PROBLEM STATEMENT: Only the lines from the line containing "Aos portadores da" through the final line of the entries should be printed, exactly as given, with the pictures left out.

ENTRIES SHOWN:
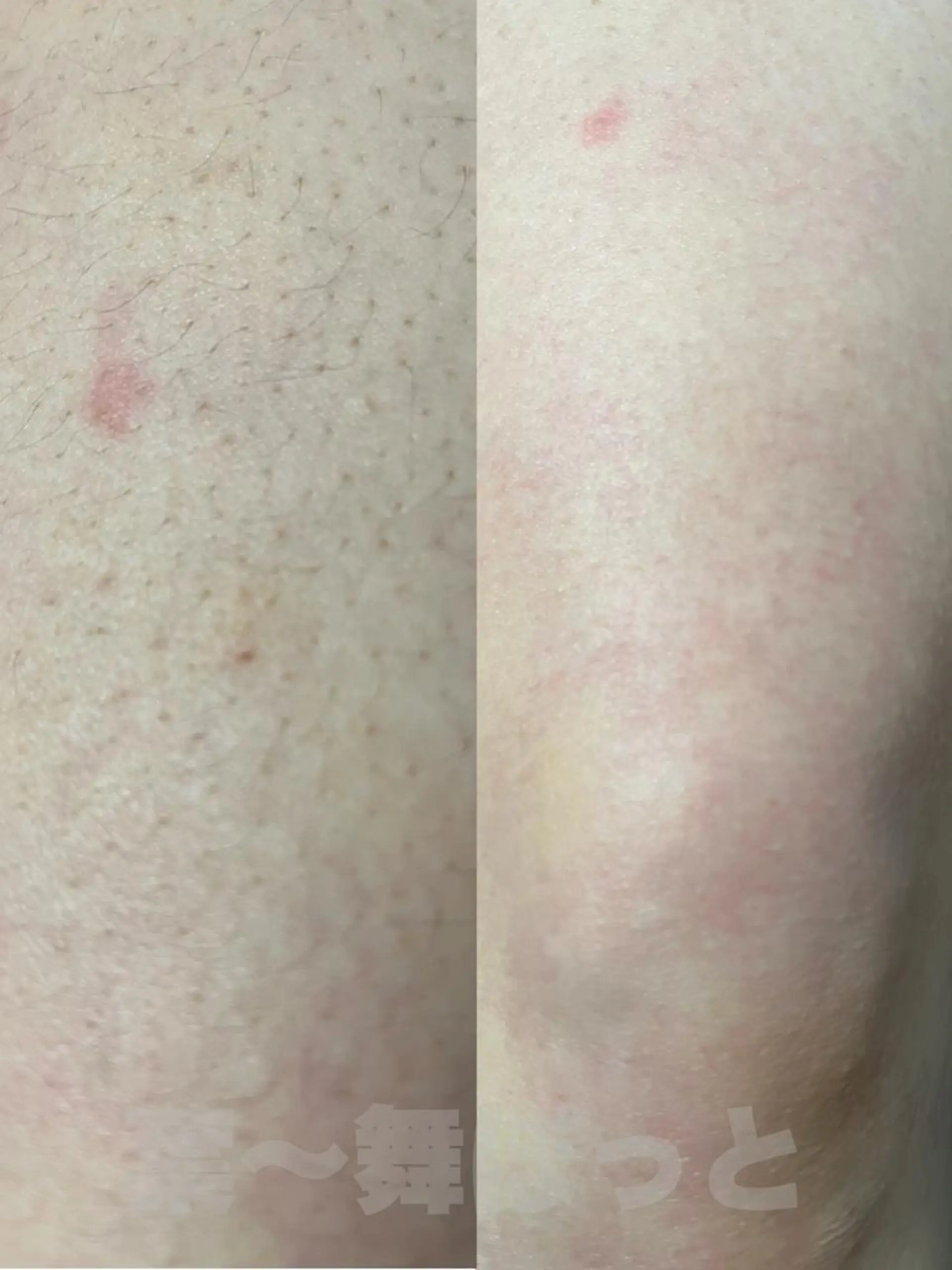 うえつま ふみえのエステ・リラクイメージ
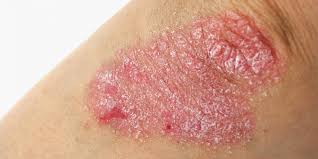 Aos portadores da psoríase, é relevante saber qual a categoria da psoríase que disponibiliza para que o tratamento seja certeiro. Psoriase Aumenta Risco De Aneurisma Da Aorta Abdominal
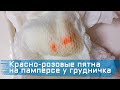 Красно-розовые пятна на памперсе у грудничка (девочка/мальчик, 3-9 месяцев). Уратные камни. Наш опыт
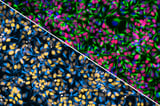 Scientists Create Cell Villages to Map Brain Genetics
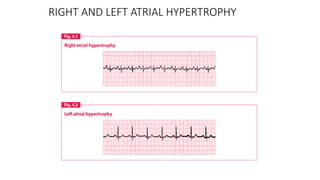 RIGHT AND LEFT ATRIAL HYPERTROPHY
 
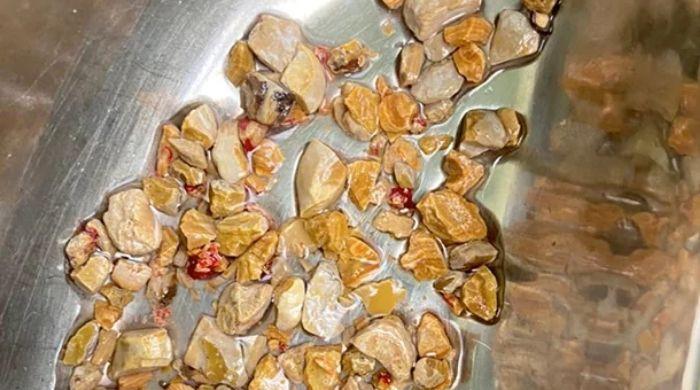 Indian doctors remove 206 kidney stones from man's body in one hour
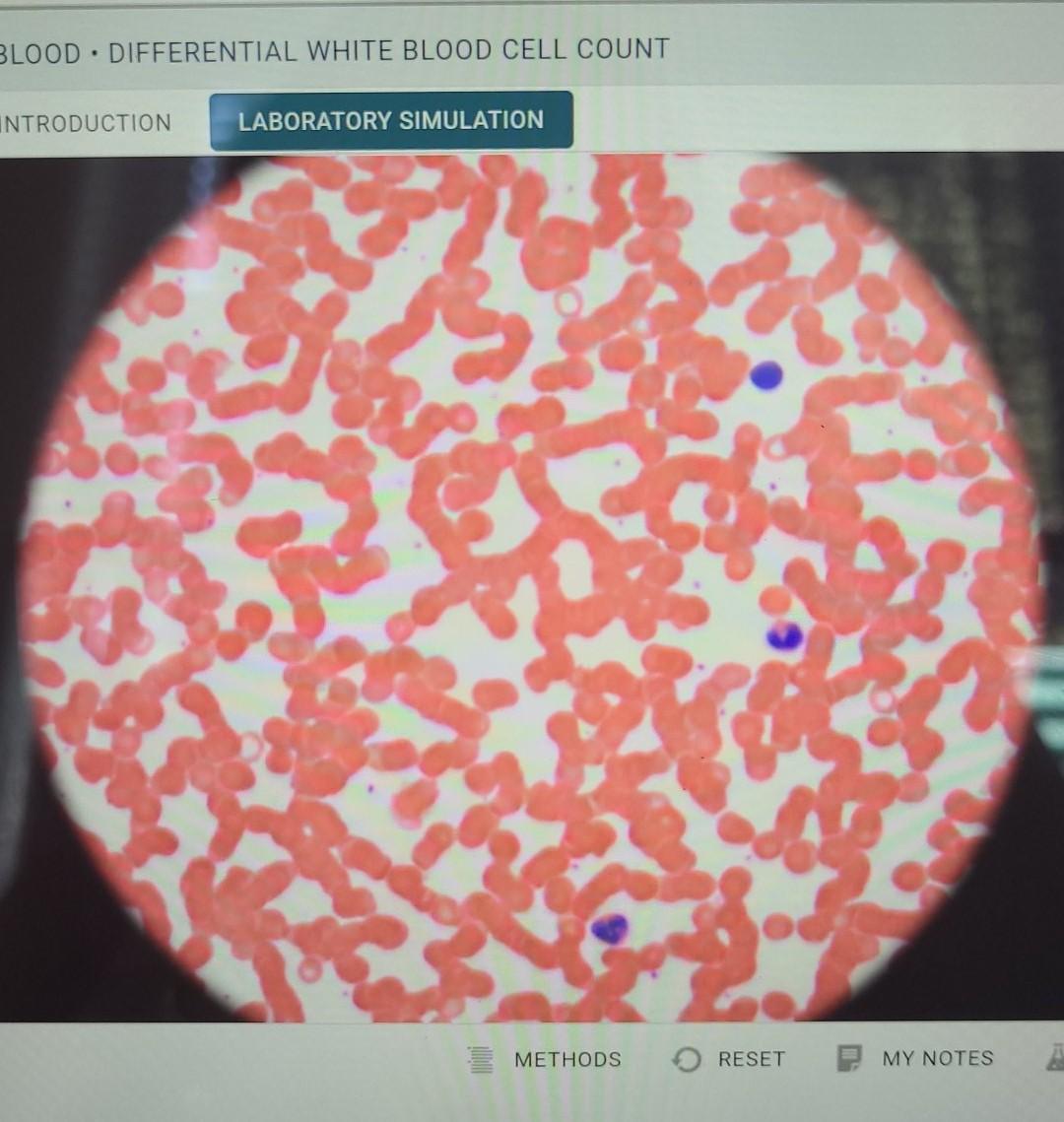 BLOOD DIFFERENTIAL WHITE BLOOD CELL COUNT | Chegg.com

COMPLETED EXERCISE:
 Aos portadores da psoríase, é relevante saber qual a categoria da psoríase que disponibiliza para que o tratamento seja certeiro. Psoriase Aumenta Risco De Aneurisma Da Aorta Abdominal
 Красно-розовые пятна на памперсе у грудничка (девочка/мальчик, 3-9 месяцев). Уратные камни. Наш опыт
 Scientists Create Cell Villages to Map Brain Genetics
 RIGHT AND LEFT ATRIAL HYPERTROPHY
 
 Indian doctors remove 206 kidney stones from man's body in one hour
 BLOOD DIFFERENTIAL WHITE BLOOD CELL COUNT | Chegg.com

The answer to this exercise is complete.